Am 14.03.25 um 15:12 schrieb Lukas Wagner:
> This commits changes the remote task module as follows:
> 
> - Add a new background task for regular polling of task data
> Instead of triggering fetching of task data from the `get_tasks` function,
> which is usually called by an API handler, we move the fetching to a
> new background task. The task fetches the latest tasks from all remotes
> and stores them in the task cache in regular intervals (10 minutes).
> The `get_tasks` function itself only reads from the cache.
> The main rationale for this change is that for large setups, fetching
> tasks from all remotes can take a *long* time (e.g. hundreds of remotes,
> each with a >100ms connection - adds up to minutes quickly).
> If we do this from within `get_tasks`, the API handler calling the
> function is also blocked for the entire time.
> The `get_tasks` API is called every couple of seconds by the UI the get
> a list of running remote tasks, so this *must* be quick.
> 
> - Tracked tasks are also polled in the same background task, but with
> a short polling delay (10 seconds).

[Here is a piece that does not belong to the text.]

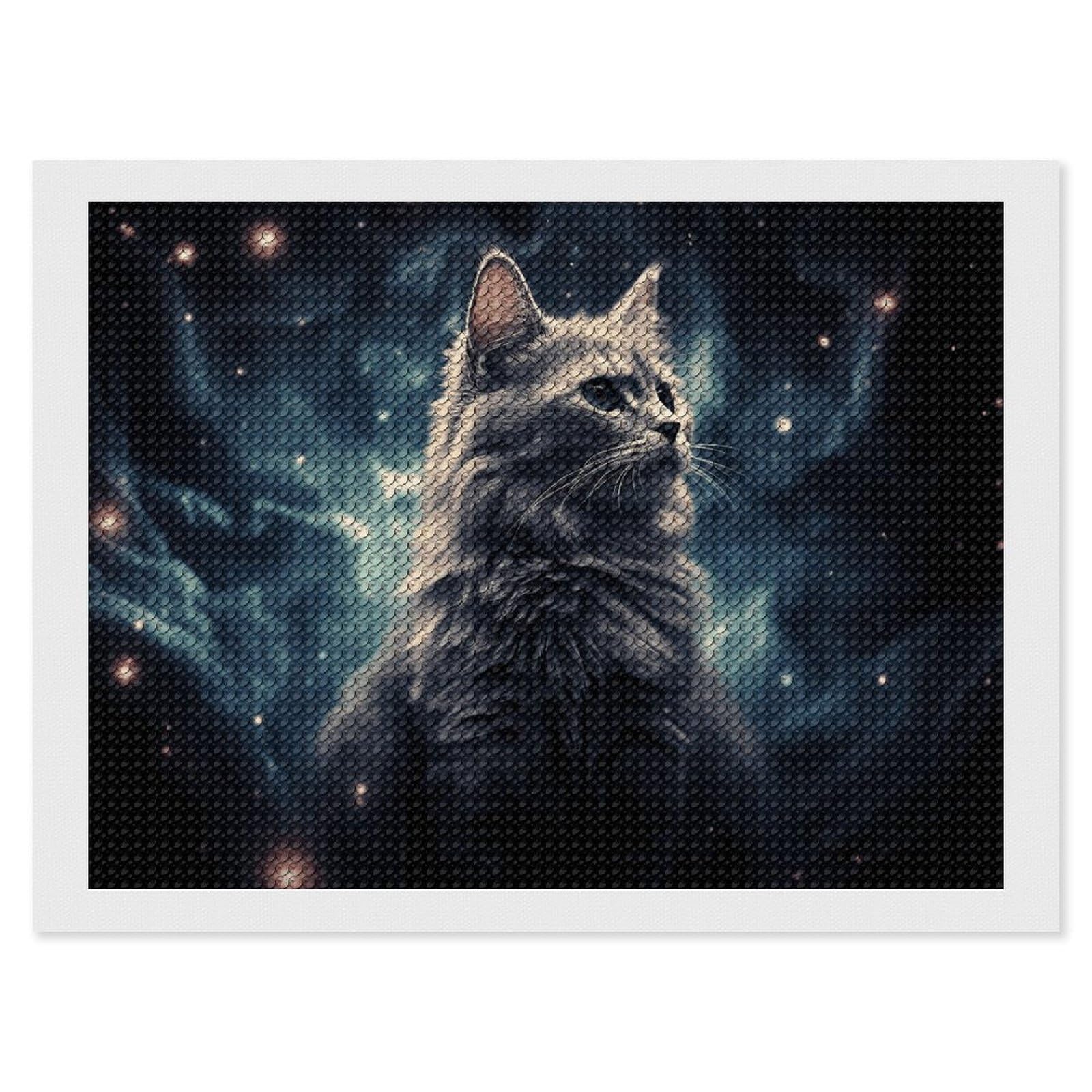 NONHAI Diamond Painting Kits for Adults - DIY Diamond Art Kits for Beginners - Full 5D Paint Drill Diamond Dots Paintings- A Cat in A Nebula Diamonds Pictures Gem Art and Craft Wall Decor 12"x16"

Instead of polling the status specific
> tracked task UPID, we simply fetch *all* tasks since the tracked task started.
> While this increased the amount of transmitted data a bit for tracked tasks
> that run for a very long time, this new approach make the whole
> task tracking functionality much more elegant; it integrates better with
> the 'regular' task fetching which happens in long intervals.
> 
> - Tasks are now stored in the new improved task cache implementation.
> This should make retrieving tasks much quicker and avoids
> unneeded disk IO.

The higher level description reads good to me and I plan to take a closer
look, but while applying this – with a trivial merge conflict in use
statements resolved due to Wolfgang's client series being applied earlier –
some smaller things stuck a bit out to me when skimming git log, a few
are rather in the bike shed area though, see below.

> 
> Signed-off-by: Lukas Wagner <l.wagner at proxmox.com>
> Reviewed-by: Max Carrara <m.carrara at proxmox.com>

While I certainly encourage working together I'm not a really huge fan
of blind review (tags) where one cannot see any review comments at all,
it's a loss in information and can also result in some increased overhead.

> ---
>  server/src/api/pve/lxc.rs                |  10 +-
>  server/src/api/pve/mod.rs                |   4 +-
>  server/src/api/pve/qemu.rs               |   6 +-
>  server/src/api/remote_tasks.rs           |  11 +-
>  server/src/bin/proxmox-datacenter-api.rs |   3 +-
>  server/src/remote_tasks/mod.rs           | 788 +++++++++++------------
>  6 files changed, 388 insertions(+), 434 deletions(-)
> 

> diff --git a/server/src/remote_tasks/mod.rs b/server/src/remote_tasks/mod.rs
> index 2062f2b7..48d54694 100644
> --- a/server/src/remote_tasks/mod.rs
> +++ b/server/src/remote_tasks/mod.rs
> @@ -1,65 +1,106 @@
> -use std::{
> -    collections::{HashMap, HashSet},
> -    fs::File,
> -    path::{Path, PathBuf},
> -    sync::{LazyLock, RwLock},
> -    time::Duration,
> -};
> +use std::{collections::HashMap, path::Path, sync::Arc, time::Duration};
>  
> -use anyhow::Error;
> +use anyhow::{format_err, Error};
> +use nix::sys::stat::Mode;
>  use pdm_api_types::{
>      remotes::{Remote, RemoteType},
>      RemoteUpid, TaskFilters, TaskListItem, TaskStateType,
>  };
>  use proxmox_sys::fs::CreateOptions;
>  use pve_api_types::{ListTasks, ListTasksResponse, ListTasksSource, PveUpid};
> -use serde::{Deserialize, Serialize};
> -use tokio::task::JoinHandle;
> +use task_cache::{AddTasks, GetTasks, State, TaskCache, TaskCacheItem};
> +use tokio::{sync::Semaphore, task::JoinSet};
>  
>  use crate::{api::pve, task_utils};
>  
>  mod task_cache;
>  
> +const REMOTE_TASKS_DIR: &str = concat!(pdm_buildcfg::PDM_CACHE_DIR_M!(), "/remote-tasks");
> +
> +const SECONDS_PER_MINUTE: u64 = 60;
> +const MINUTES_PER_HOUR: u64 = 60;
While technically correct this reads like a rate and makes it IMO a bit
harder to tell what is meant in below calculations.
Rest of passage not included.